The Liberal Democrats have a five-point plan for reopening schools to more pupils in England.

  1. Increase capacity for physical learning. Combine local spare space registers, where local councils and school leaders can cooperate on using suitable empty buildings in the community as learning spaces.
  2. Recruit an army of extra teachers to cope with demand. Launch a Teach for Britain recruitment campaign to bring out-of-work supply teachers and recently-retired teachers into schools so more pupils can return. Build on the success of the Social Work Together campaign, developed with the Local Government Association. Work with unions to try and get more teachers into learning spaces in any one school day.
  3. End the online learning void for thousands of children. Develop a bold strategy to leave no child behind by partnering with the private sector to get laptops and internet access to any disadvantaged child currently unable to learn online. Recognise that the current target of 230,000 leaves too many children behind, and that councils are neither receiving the equipment they have asked for, nor seeing high uptake rates for the kit they're given. Begin major advertising campaign to encourage families and children to ask for equipment. Back this up by working to get more physical resources including textbooks to children lacking internet/computer access.

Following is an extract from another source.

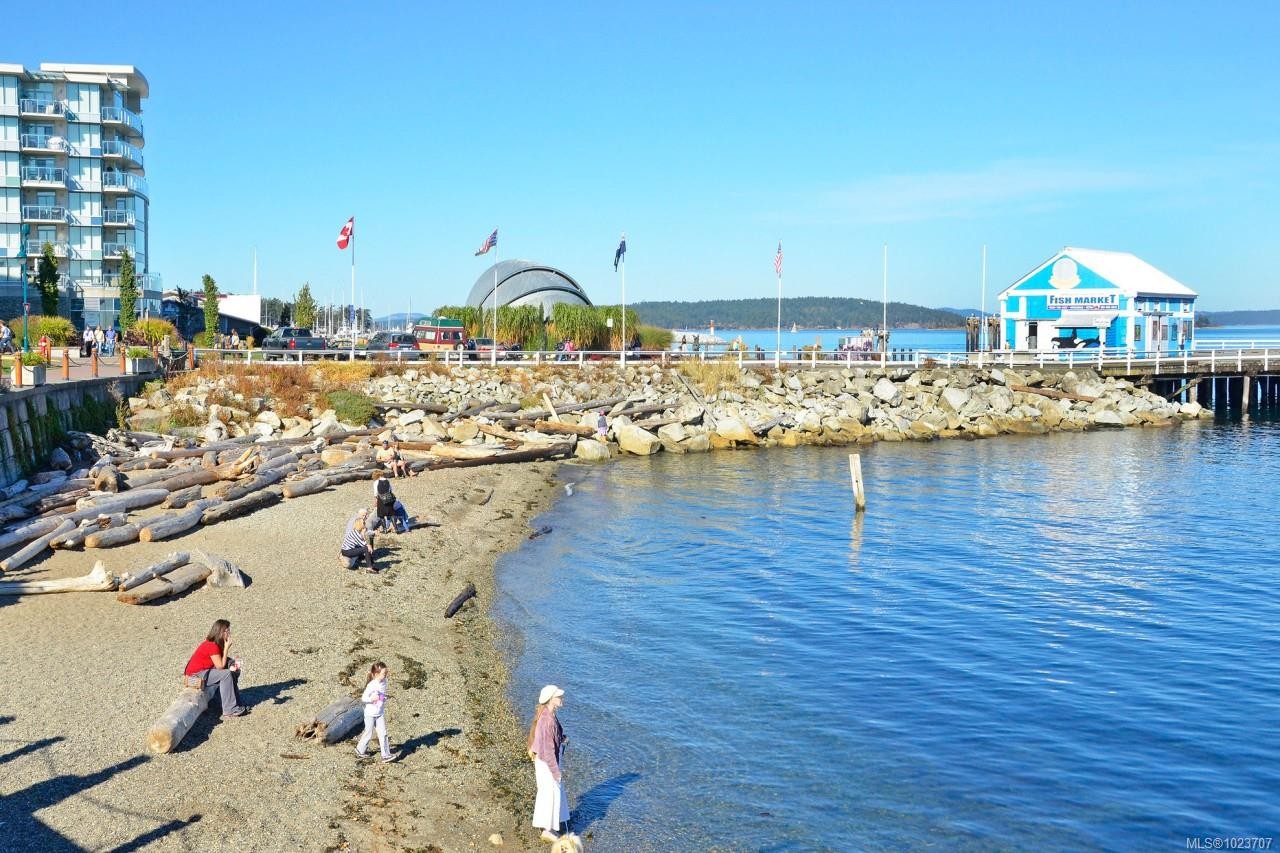 402-2409 Bevan Ave, Sidney, BC - Outdoor With Body Of Water With View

  4. Consider designing a flexible, phased reopening that follows the science and has the trust of parents and the profession by being developed with them, following the lead of Kirsty Williams in Wales. Consider extending the summer term by one week, and stagger pupils' attendance in school, so that at most a third of pupils are normally present at any one time. Begin the next academic year on time in September, but double the autumn half-term break to two weeks. We must recognise that many schools are doing a fantastic job at phased reopening, and ensure local authorities, academy trusts and government are learning from their successes.
  5. Halt the widening of the disadvantage gap. Extend the free school meals over the summer holidays, but recognise the scheme is flawed and excludes many families and so combine it with an emergency uplift in child benefit of £150 per child per month, with £100 for every subsequent child, during this crisis. Implement a 'catch-up premium' of £700 per disadvantaged child, to enable schools and charities give them a much-needed boost in the next academic year. Also create a Summer Learning Fund so that councils can run summer learning camps for children, focused on local authorities in the most deprived areas. This will prepare children for September and give many children a positive environment in which to learn and re-acclimatise to an educational environment. Fully fund places for children on free school meals.